Cathal Pendred is an Irish actor and former mixed martial artist who competed in the Ultimate Fighting Championship. He was the Cage Warriors Welterweight World Champion.

Background
Pendred was born in Boston, Massachusetts to Irish immigrant parents, when he was four years old he moved to Dublin, Ireland with his parents where he was raised alongside a younger brother and two younger sisters. Pendred competed in rugby growing up and was talented, winning the Leinster Schools Senior Cup.

Mixed martial arts career

Early career
Pendred started his professional career in 2009. He became the number one ranked welterweight in Ireland during 2010 after winning the national title. In March 2013 he became the Cage Warriors Welterweight Champion after beating the title holder Gael Grimaud in London, England.

The Ultimate Fighter
Pendred was selected as a cast members of the nineteenth season of The Ultimate Fighter on 25 March 2014. He was then chosen as the third pick for the middleweights on coach  BJ Penn's team.

In the quarter-final rounds, Pendred fought Team Edgar middleweight Urbina. Pendred defeated Urbina by decision after three rounds. Pendred fought Eddie Gordon in the semi-finals. He lost the bout by a split decision.

Ultimate Fighting Championship

Pendred faced Team Penn teammate Mike King at middleweight on 19 July 2014 at UFC Fight Night 46. He was victorious via second round submission. The win earned him 'Fight of the Night' honours along with Mike King. However, King would also later go on to fail the drug test which resulted in his half of the bonus going to Pendred.

Pendred dropped to the welterweight division where he fought Gasan Umalatov on 4 October 2014 at UFC Fight Night: Nelson vs. Story. He defeated Umalatov by split decision.

Pendred next faced Sean Spencer on 18 January 2015 at UFC Fight Night 59. Pendred won the fight by a controversial unanimous decision. 
Both Joe Rogan and Mike Goldberg had felt Spencer had dominated the fight and declared on air how baffling the decision was; later UFC president Dana White echoed this sentiment on air.  Likewise, all 15 major MMA media outlets scored the fight in favour of Spencer.

Pendred faced Augusto Montaño on 13 June 2015 at UFC 188. He won the fight by unanimous decision. Montaño tested positive for testosterone metabolites in the post-fight drug test.

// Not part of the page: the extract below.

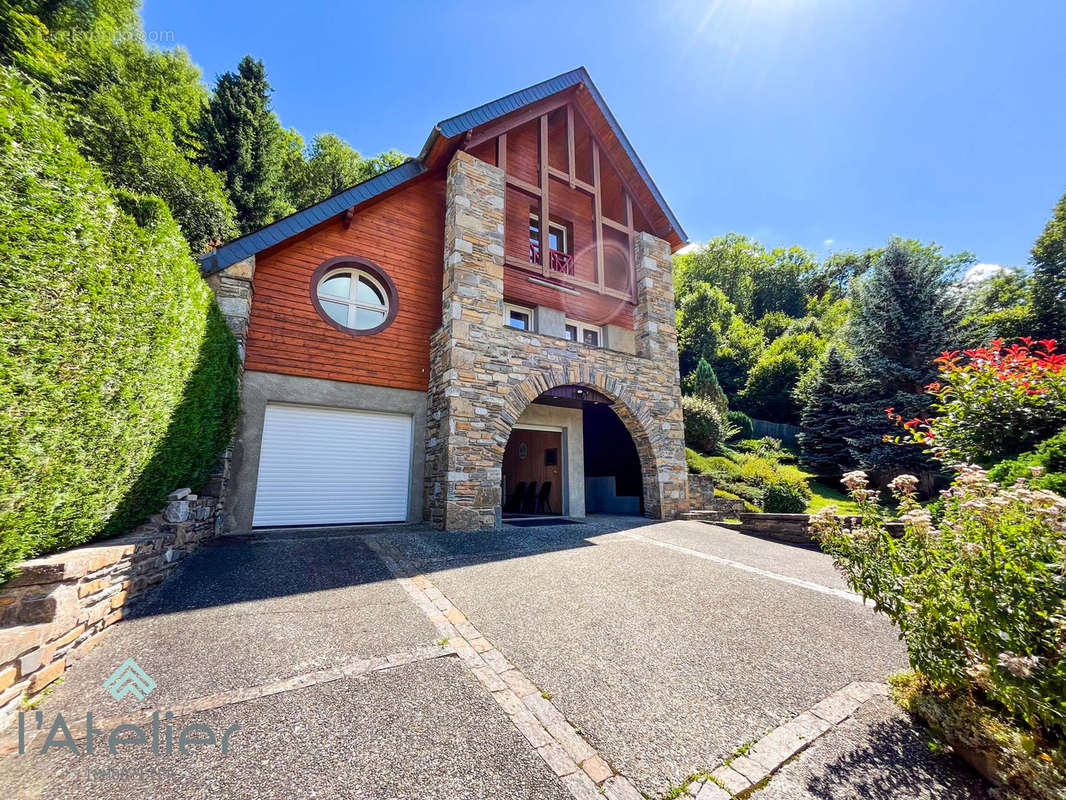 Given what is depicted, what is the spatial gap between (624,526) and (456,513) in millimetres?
3636

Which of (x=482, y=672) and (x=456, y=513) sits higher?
(x=456, y=513)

Pendred faced John Howard as a short notice replacement on 11 July 2015 at UFC 189. He lost the fight via split decision.

Pendred next faced Tom Breese on 24 October 2015 at UFC Fight Night 76. Pendred lost the fight by TKO in the first round.

Pendred announced his retirement from MMA on 25 November 2015.

Acting career
On 23 May 2017, it was announced that Pendred had been cast in a lead role in the Amazon produced TV series Lore, which is based on the popular podcast of the same name.
Pendred plays Michael Cleary, a real-life character from Irish folklore in the horror anthology series. Michael is married to the younger Bridget (played by Holland Roden). When Bridget starts making more money than he does, and starts questioning his decisions, Michael is convinced that his loving wife has been replaced by a changeling. Lore premiered on 13 October 2017.

Personal life
Pendred was educated in Belvedere College, Dublin and won a Leinster Senior Cup medal in 2005 alongside future Irish internationals Cian Healy and Ian Keatley.

Pendred attended Dublin City University where he studied forensics, he graduated with a BSc degree in Analytical Science in 2012.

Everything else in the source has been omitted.